The author’s nephew, Fisher Jaynes, had a fantastic evening catching his limit of nice speckled trout in the Sabine ship channel.

It is always a thrill to see the excitement and joy of new anglers catching fish, especially kids. That has been even more gratifying for me here lately, due to the fact that my wife and I are expecting our first child in a matter of weeks. I have been able to fish with my nephew, Fisher, more frequently lately, and he is living up to his name. For a 7-year-old, he is one heck of a little fisherman. His ability to cast and reel in fish is impressive.

I was fortunate recently to take Kelly Ford, his son Landon, and his father Lee, fishing. Landon, 6, was on a boat for the first time and was a pure natural. His interest and excitement about fishing is second to none. Kelly and I went to school together growing up, so it was great to get to catch up with him and his father.

We started the morning with a pretty long boat ride, but I wanted to put them on some good speckled trout I had found the previous evening. Water conditions were drastically different, but the fish were still there. We fished a strong incoming tide all day, and in combination with a howling south wind, the water was more sandy and less green than the day before.

With the trout having transitioned into a more predictable and consistent summer pattern, we were targeting them on drop-offs in 6 to 8 feet of water in the Sabine ship channel. Banks with more structure, such as oyster shell and riprap, are the most productive. The structure, providing current breaks, gives predators such as trout, redfish and flounder easier opportunities to ambush their prey. In turn, successful anglers target these areas.

Lures to use

I find topwater lures such as a Heddon Super Spook in clown color or a white Rapala Skitter Walk to be the most-productive in the early morning hours and late in the evening. After the topwater bite subsides, I recommend switching to soft plastics that mimic shrimp or menhaden. There is no telling how many trout and redfish fall for a Vudu shrimp rigged under a cork. Swimming a 4-inch Sea Shad in the opening night color on either a 1/8- or 1/4-ounce jighead is another favorite during summer. I prefer to fish the Sea Shad with a steady retrieve, at times making short, subtle pauses. Multiple factors determine the speed of the retrieve, including water depth, wind and current velocity and the aggressiveness of the fish we are targeting.

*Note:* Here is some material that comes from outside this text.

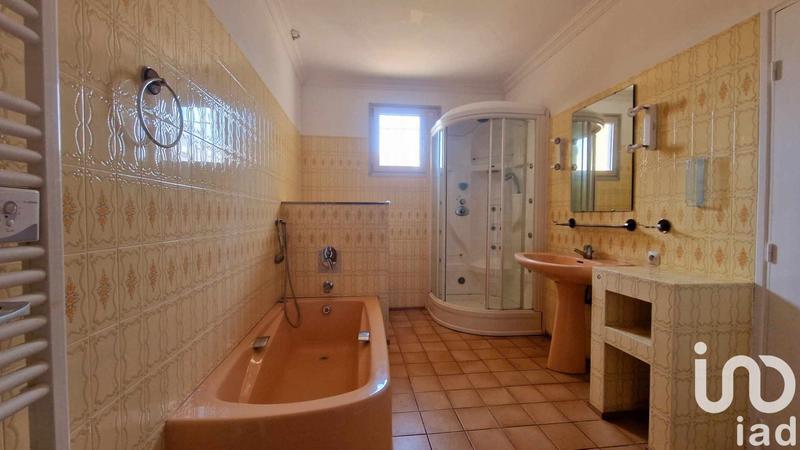 Maison - 241 m² - 10 pièces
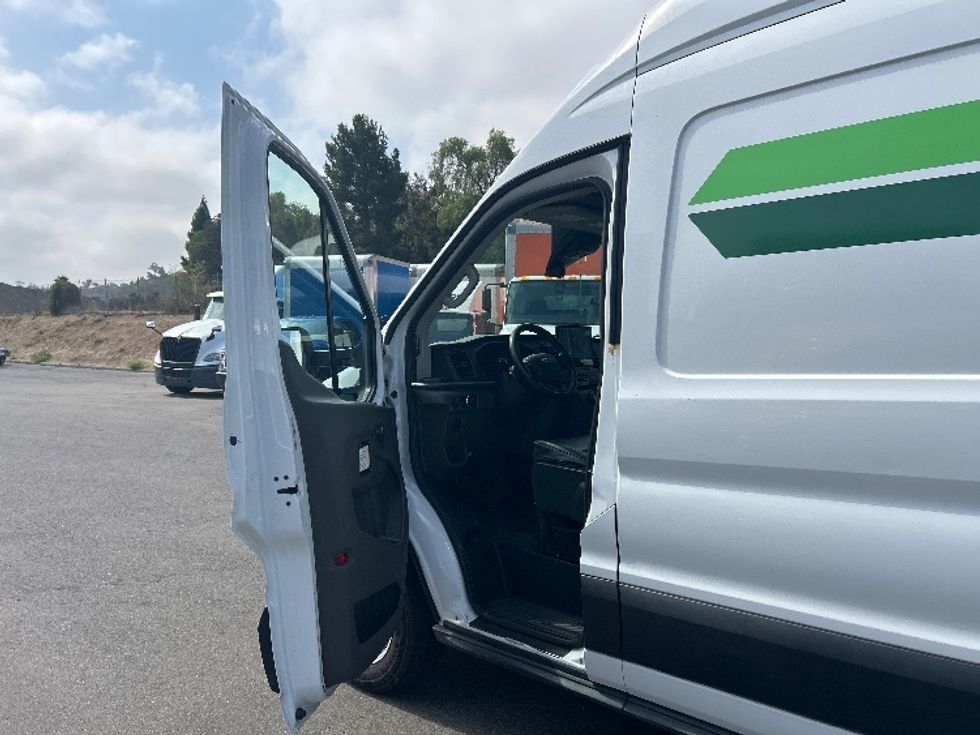 Cargo Van (Panel Van)-Alternative Fuel Trucks & Tractors-Ford-2022-TRAN350E-San Diego-CA-59,209\n\t\tmiles-$ 32,750 - Image 16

Kelly Ford and his son, Landon, released this great catch of a redfish after cheesing for a quick picture.

Kelly, Landon and Lee all got to battle their fair share of trout, with a couple of oversized, bonus reds. Landon’s enthusiasm and curiosity was the icing on the cake.

Barring any major storms and torrential downpours this pattern should only get better and last well through the summer. It would be remiss of me if I did not encourage you to fish the jetties when the weather allows. Both the Cameron and Sabine jetties can be absolutely loaded with fish and give new and young anglers the opportunity to catch different species of fish.

If you get the chance to take a kid fishing make sure and capitalize on it. They are the future of the sport and the memories made will last a lifetime!